Eleven years ago, the Government Accountability Office (GAO) issued a report about NASA’s effectiveness—or lack of effectiveness—as a knowledge organization. Ed Hoffman Conducting its audit in the aftermath of the failures of the Mars Polar Lander and the Mars Climate Orbiter, GAO found “fundamental weaknesses in the collection and sharing of lessons learned agency-wide.” GAO concluded that, “NASA needs to strengthen its lessons learning in the context of its overall efforts to develop and implement an effective knowledge management program.”

The GAO report spurred a new focus on knowledge across NASA. Many centers and mission directorates either initiated or formalized existing knowledge management efforts. This was a start, but it did not solve the issue overnight. Following the Columbia accident a year later, the Columbia Accident Investigation Board wrote that, “NASA’s current organization has not demonstrated the characteristics of a learning organization.” The persistence of the problem showed that knowledge effectiveness depends on more than just systems for sharing lessons learned or best practices. It also requires an open culture in which people can speak openly about what they know without fear of retribution. There was more work to be done.

Today, NASA is a different organization than it was a decade ago. The importance of knowledge has been recognized throughout the agency. When tough programmatic decisions arise, leaders such as Chief Engineer Mike Ryschkewitsch encourage capturing those stories as case studies or articles that include rich context and quotes from multiple practitioners with divergent views. Painstaking efforts have been made to document the closeout of Space Shuttle and Constellation to preserve the invaluable knowledge developed in the course of those programs. Every center and mission directorate has either a chief knowledge officer or a point of contact to serve as the advocate for the knowledge needs of the organization’s practitioners. Cross-agency support organizations such as the NASA Safety Center and the NASA Engineering Network foster knowledge exchanges that connect practitioners throughout the agency. These interwoven threads are helping create a resilient knowledge organization.

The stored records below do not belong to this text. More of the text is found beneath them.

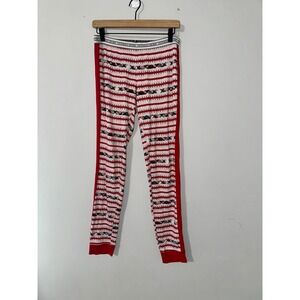 Victoria's Secret Pajama‎ Pants S Red White Striped Plaid Sleepwear Lounge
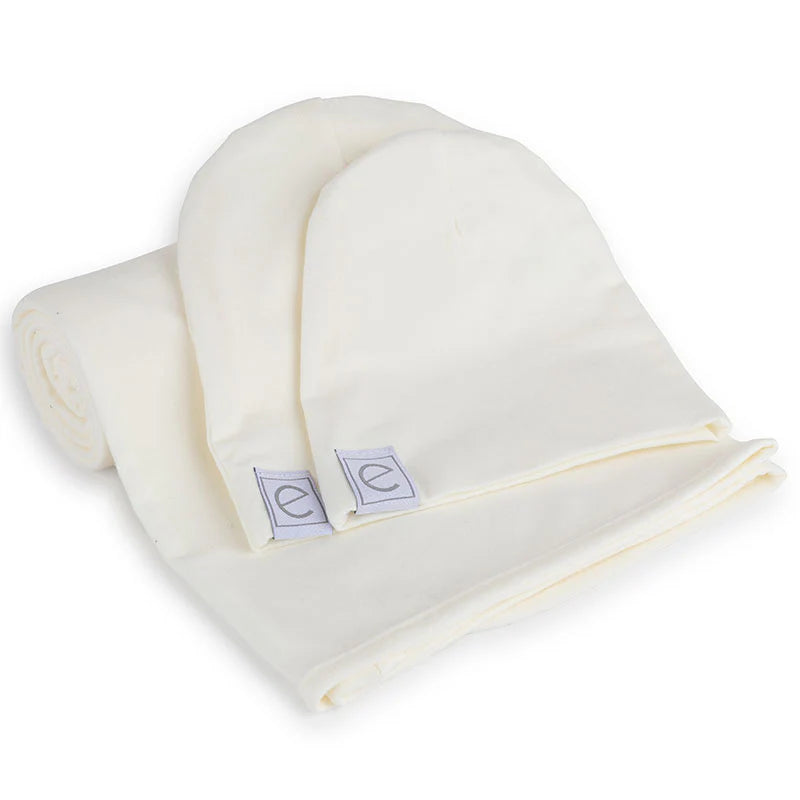 Ely's & Co. - Jersey Cotton Spandex Swaddle Blankets 40"X40" With Baby Hat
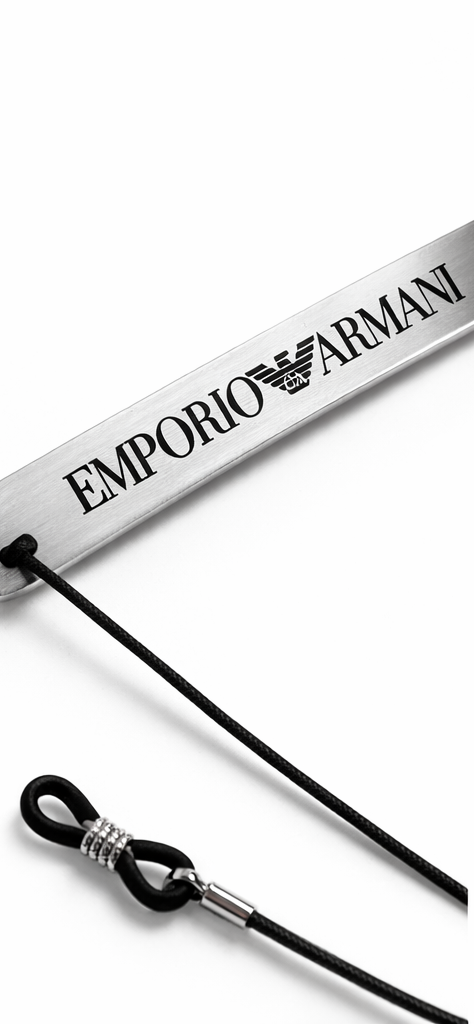 Emporio Armani Silver Rubber Eyewear Strap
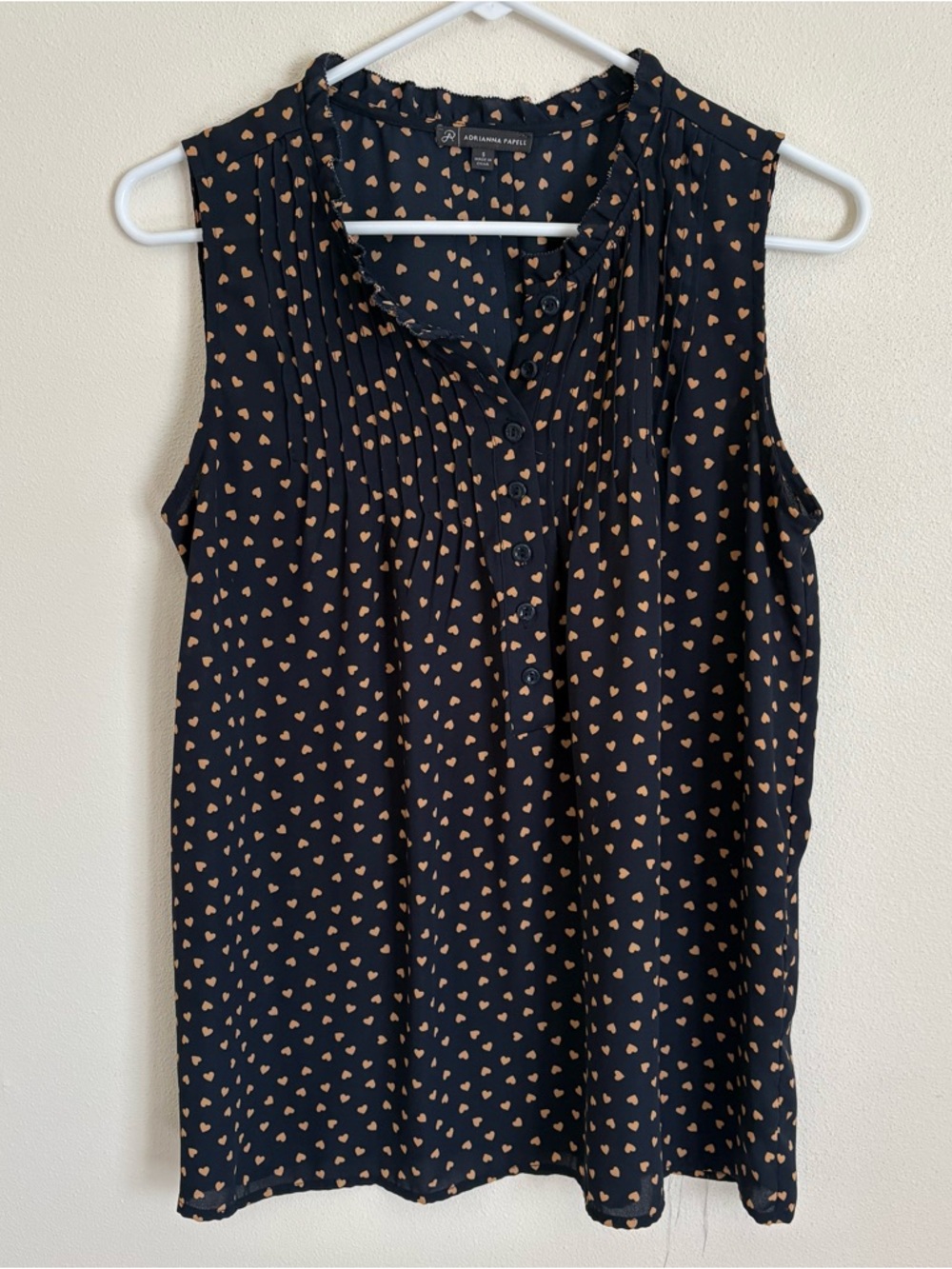 Adrianna Papell Navy Blue Sleeveless Heart-Print Blouse Size S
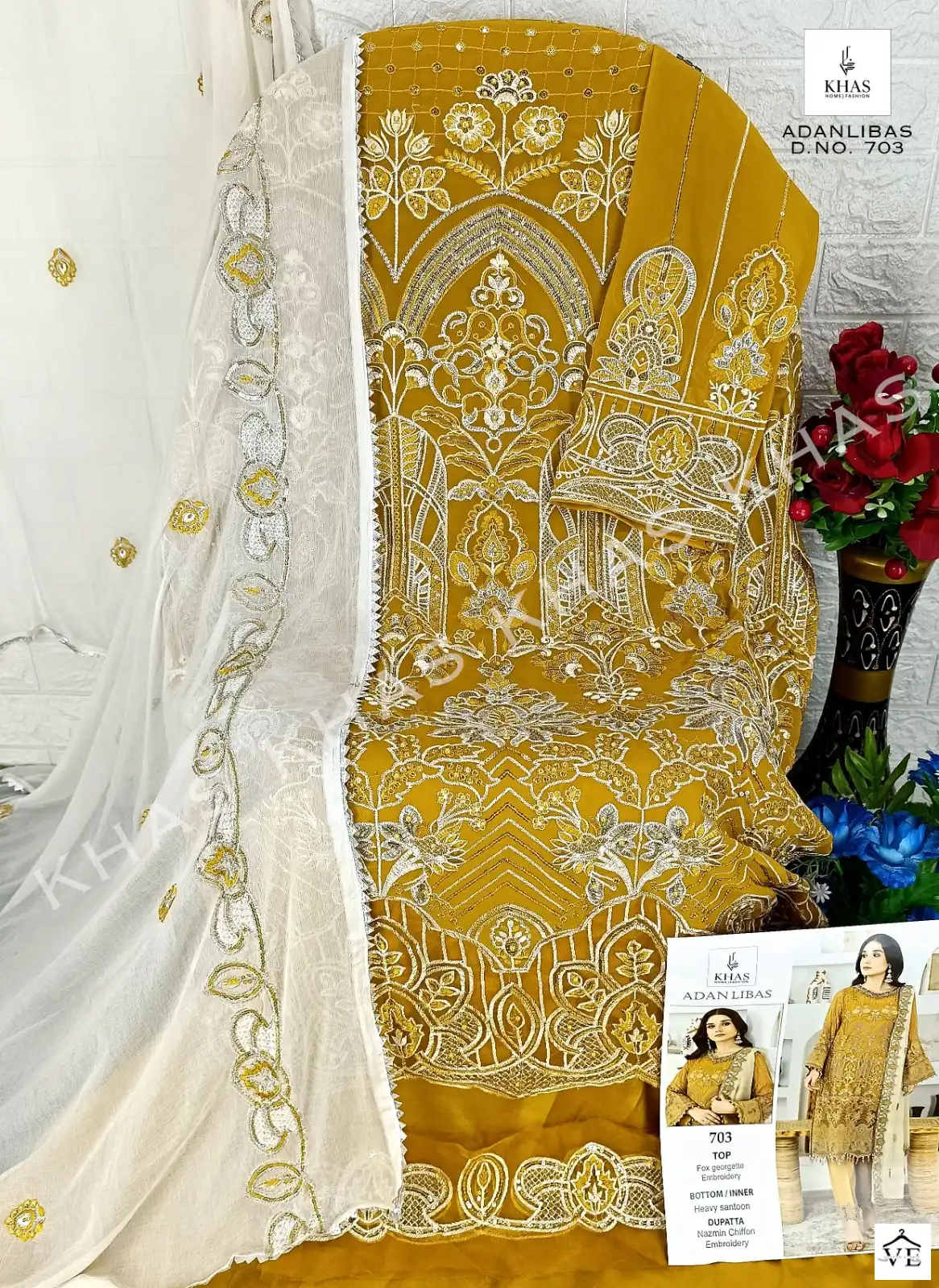 Khas Fashion Adan Libas Georgette Wholesale Designer Pakistani Salwar Suit — Wholesale Salwar Suits, Khas wholesale from Surat - Gallery Image 6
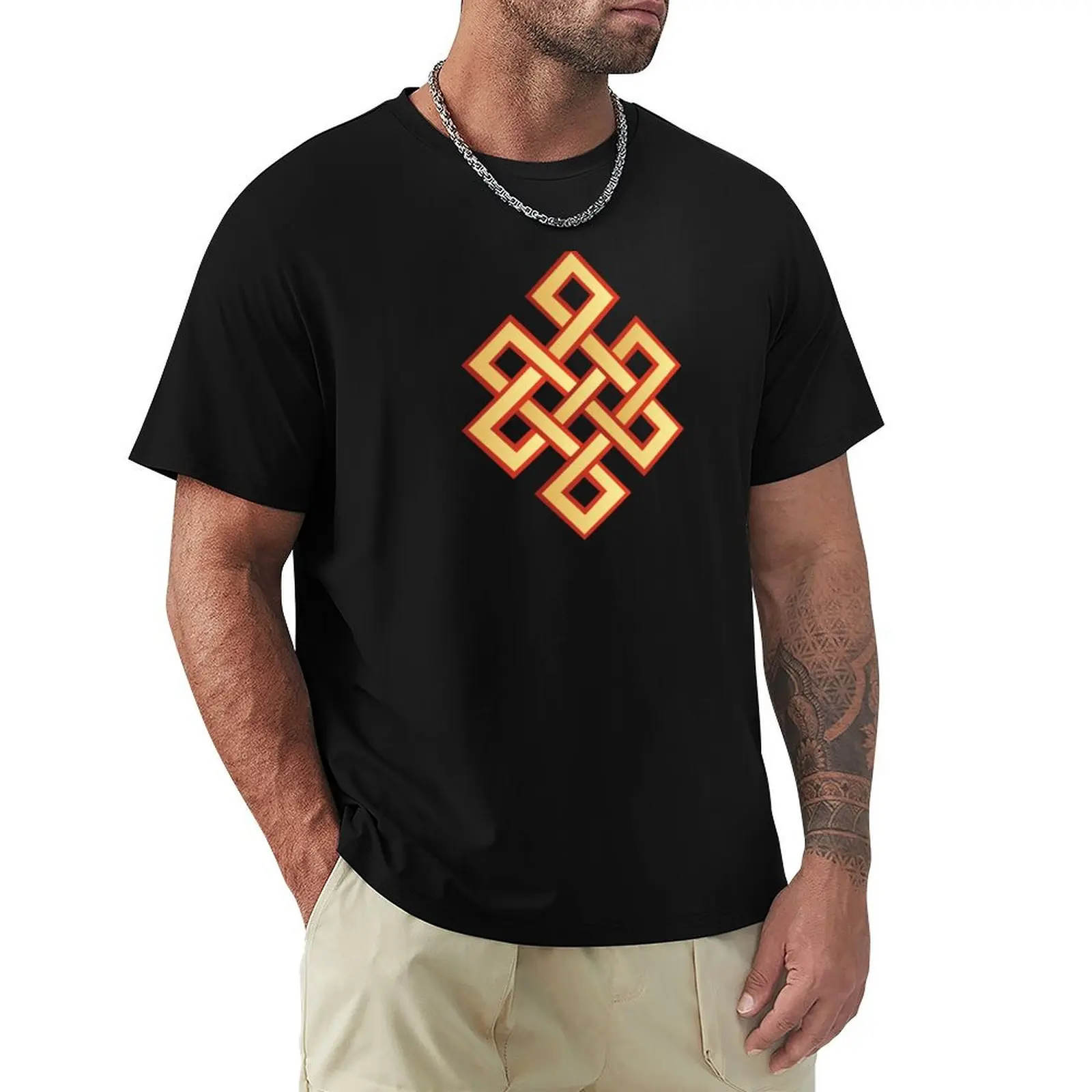 The Endless Knot (One of the Eight Symbols of Buddhism) T-Shirt Big Size Daily Wear T-Shirt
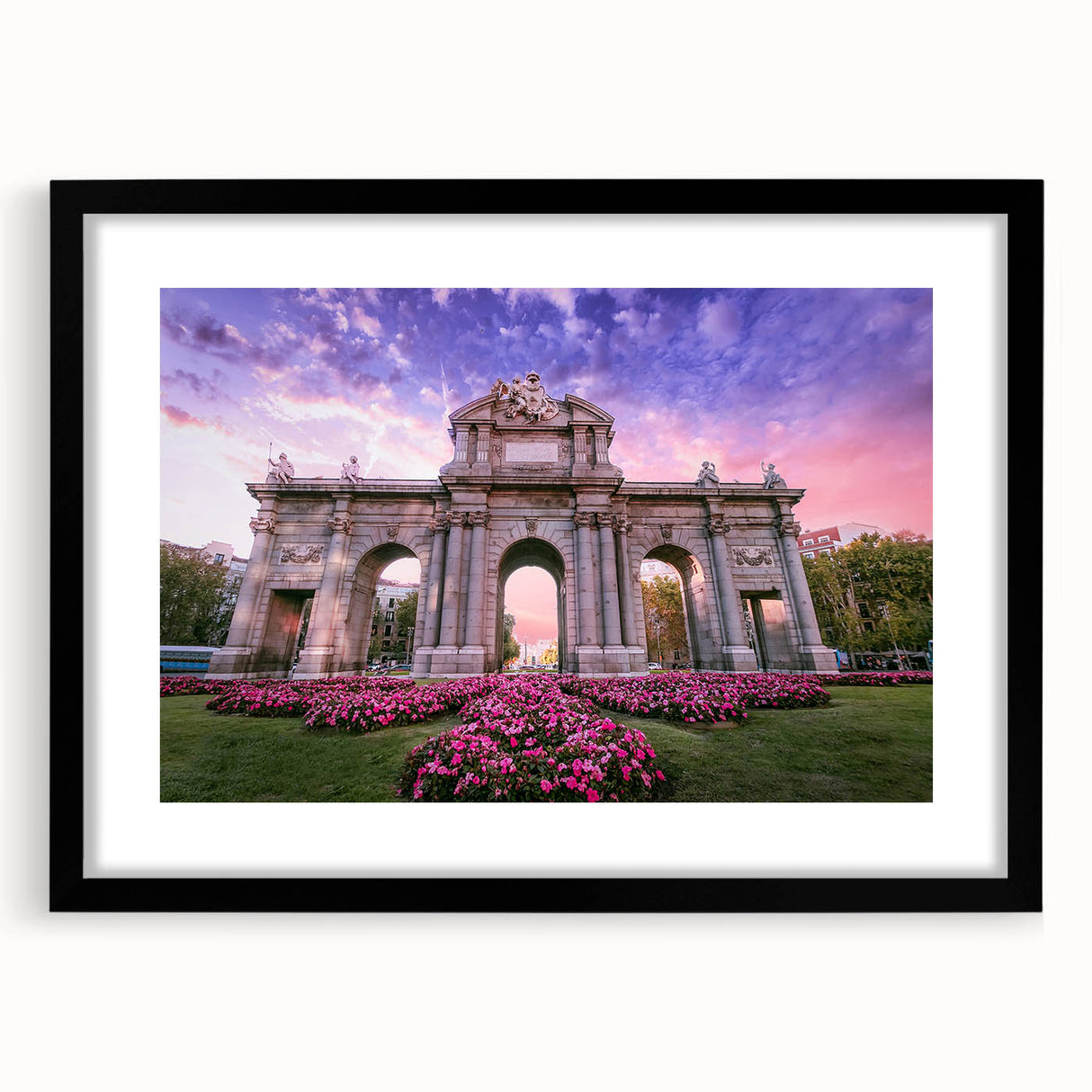 Extra large, textured abstract art print depicting a colorful, abstract European cityscape on a framed canvas.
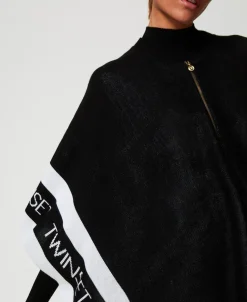 Poncho In Maglia Jacquard Con Logo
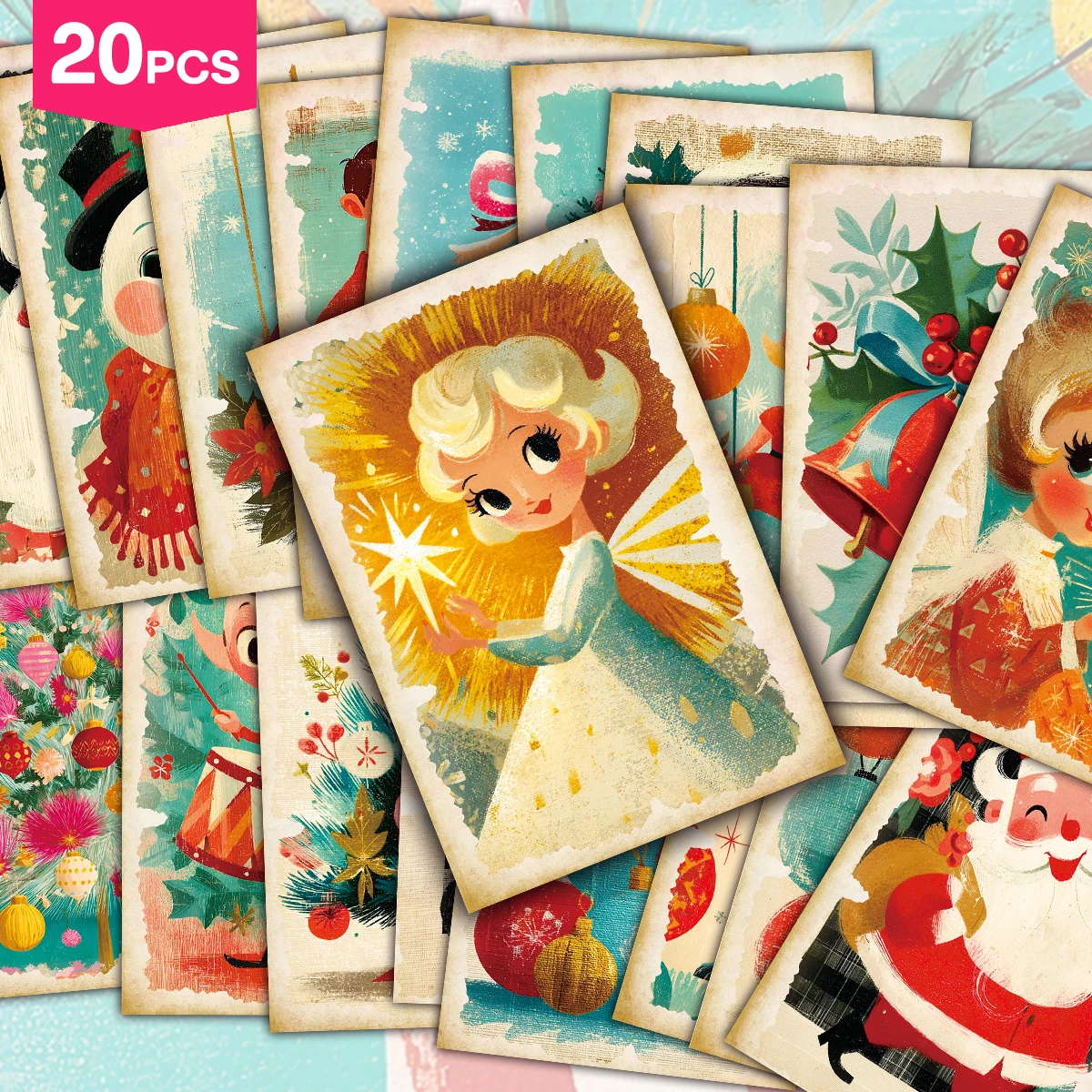 20 Stück nostalgische Weihnachtspostkarten für Heimdekoration, Geschenkanhänger, Partygeschenke, Fotowand-Kunstcollage, Weihnachtsgeschenkverpackungs-Accessoires – Detail 7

We are not there yet. Knowledge is not universally accessible across organizational lines. Half the NASA workforce is eligible for retirement and could walk out the door with critical knowledge that has not yet been passed on to others. Young professionals at the other end of the career path have had fewer opportunities than previous generations at NASA to get hands-on experience.

So there is plenty left to do. But it has been a decade of real progress.